To make it easy to follow along, we've laid out a trail of emojis to guide your way. Whenever you see a 🥐 it means there's something for you to do.

Let's get started!

1. Install the Onqlave CLI

To develop with Onqlave, you need the Onqlave CLI (can be done through Dashboard as well). It provisions your test environment, and set up what you need to use Onqlave for development.

🥐 Install by running the appropriate command for your system:

Linux

  • Download Linux executable file onqlave-linux from the release assets
  • Grant executable permission to onqlave-linux file
sudo chmod +x onqlave-linux
  • Make sure onqlave-linux is executable:
./onqlave-linux

MacOS

  • Download Linux executable file onqlave-darwin from the release assets
  • Grant executable permission to onqlave-darwin file
sudo chmod +x onqlave-darwin
  • Make sure onqlave-darwin is executable:
./onqlave-darwin

Windows

  • Download Windows executable file onqlave-windows.exe from the release assets
  • Make sure onqlave-windows.exe is executable:
.\onqlave-windows.exe

Docker

Use this command to get our latest docker image:

docker pull ghcr.io/onqlavelabs/onqlavelabs/onqlave.cli:latest

Listing all the existed docker images of Onqlave:

docker image ls | grep ghcr.io/onqlavelabs/onqlavelabs/onqlave.cli

From here you can observe the latest image_id and can copy it to include in the next command to run the image or you can simply run this command to start the container:

docker run -it ghcr.io/onqlavelabs/onqlavelabs/onqlave.cli bash

After entering the container via BASH shell, you can try to type this command to make sure everything works:

onqlave

Installation Script

  • An installation shell script is provided to download any specific Onqlave CLI version
  • Download and execute the installation script:
curl -s "https://raw.githubusercontent.com/onqlavelabs/onqlave.cli/main/scripts/install.sh" | bash -s ${cli-version}
  • For Windows users, it is recommended to have bash executable installed such as git bash before using the installation script; or you can download the CLI executable directly from the release.

2. Init the Onqlave CLI environment

To be able to use Onqlave CLI, you would need to first initialise the CLI.

🥐 Initialise by running the following command:

onqlave config init

3. Signup to Onqlave Platform

Now you have your CLI configured, you will need to setup your Onqlave account.

🥐 Signup by running the following command:

onqlave auth signup your_email@domain.com --full_name="You Full Name" --tenant_name="Your tenant name"
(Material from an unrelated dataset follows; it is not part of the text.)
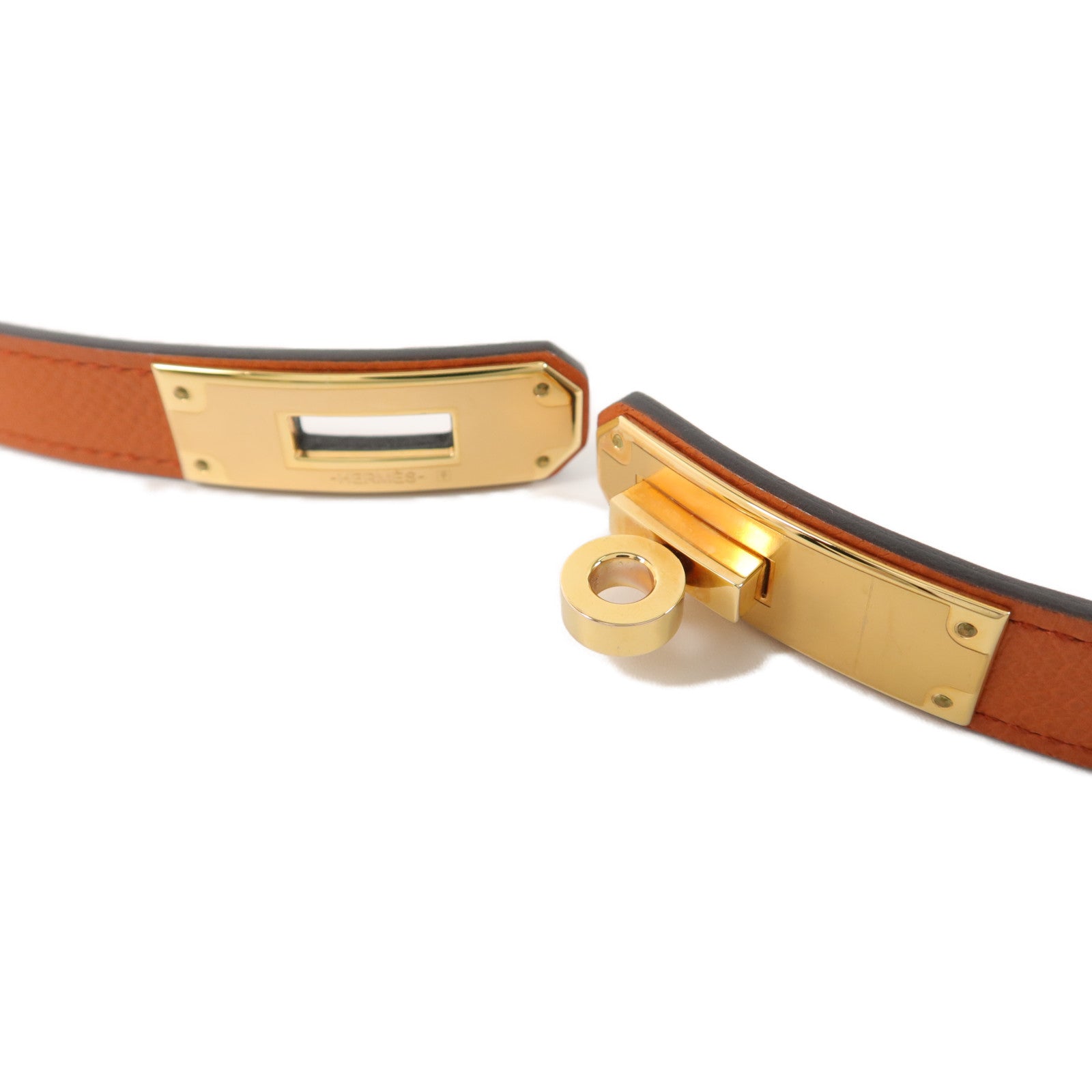 HERMES Epsom皮革Kelly 18 Belt皮帶Terre Battue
🥐 Login by running the following command:

onqlave auth login your_email@domain.com --tenant_name="Your tenant name"

4. Create your first API key

Now you have your Onqlave account, you can create your first API key which can be used to integrate your application with Onqlave Encryption Engine using our SDKs.

Note: API key should be treated a secret. So make sure you keep it secure, maybe storing it in your secret manager, or environment variable - don't hardcode it :)

🥐 Create API Key by running the following command:

onqlave key add -a your_application_id -c your_arx_id -t your_application_technology

5. Find Onqlave SDK for your language of choice

Now that you have your first API Key, you can use our SDKs to integrate with your application. After that you would be able to easily encrypt/decrypt any piece of data.

🥐 Choose and download your preferred SDK:

  1. Go SDK

  2. NodeJS SDK

  3. Java SDK

  4. Python SDK

6. Encrypt/Decrypt your sensitive information

You are now ready to encrypt/decrypt data in your application using Onqlave Encryption engine.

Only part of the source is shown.